Artspace, the nation's leading real estate developer for the arts, has been meeting with artists, arts and community organizations and government partners in Hawai`i since 2009. Invited by PA`I, with support from the Ford Foundation, and other local and national funders, we have been working to understand the space needs of the creative community in Hawai`i and how permanent, affordable space for the arts would meet city, county and state goals for economic development, transit-oriented development, and cultural preservation. Our local development partner, EAH Housing, will also operate as the property manager. The shared vision to emerge from this work is Ola Ka `Ilima Artspace, a mixed-use arts development blending live/work space for artists and their families, space for non-profit partners and space for community events and gatherings. Ola Ka `Ilima Artspace will be located in the Kaka`ako neighborhood of Honolulu, a transitional neighborhood of light industrial property between the downtown business district and Waikiki Beach.
Ola Ka `Ilima Artspace will include 84 units of affordable live/work space for low-income artists and their families. Residential units will feature high ceilings, large windows, durable surfaces, large doors and wide hallways to accommodate a variety of creative activities. Each of the residential units will be larger than a typical affordable unit to allow for ample workspace. Like all Artspace projects, this building will be multi-ethnic, multi-generational, and multi-disciplinary.

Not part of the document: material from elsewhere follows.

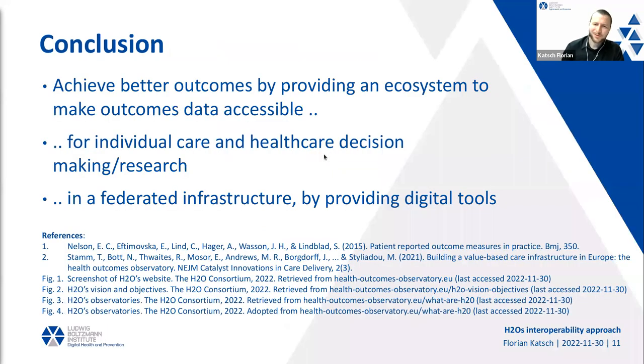In summary, H2O will try to achieve better outcomes by providing an ecosystem that makes outcomes data accessible — for individuals and their caregivers — to be used in individual care decision-making, in a federated infrastructure way and by providing digital tools.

Ola Ka `Ilima Artspace will have more than 17,000 square feet of community and greenspace, including a playground area and a community room available to residents, partnering non-profit organizations, and the surrounding community for rehearsal, exhibitions, performances, and events.
Approximately 4,500 square feet will be reserved for PA`I Arts & Culture Center, for Native Hawaiian dancers, musicians, visual artists, cultural practitioners and others who are interested in experiencing Native Hawaiian cultural traditions. The Cultural Center will combine classroom space and flexible space for teaching and performing Hula, music, and other traditional practices. Through video conferencing technology, the Cultural Center will be networked to audiences and artistic partners both across the Islands and around the world.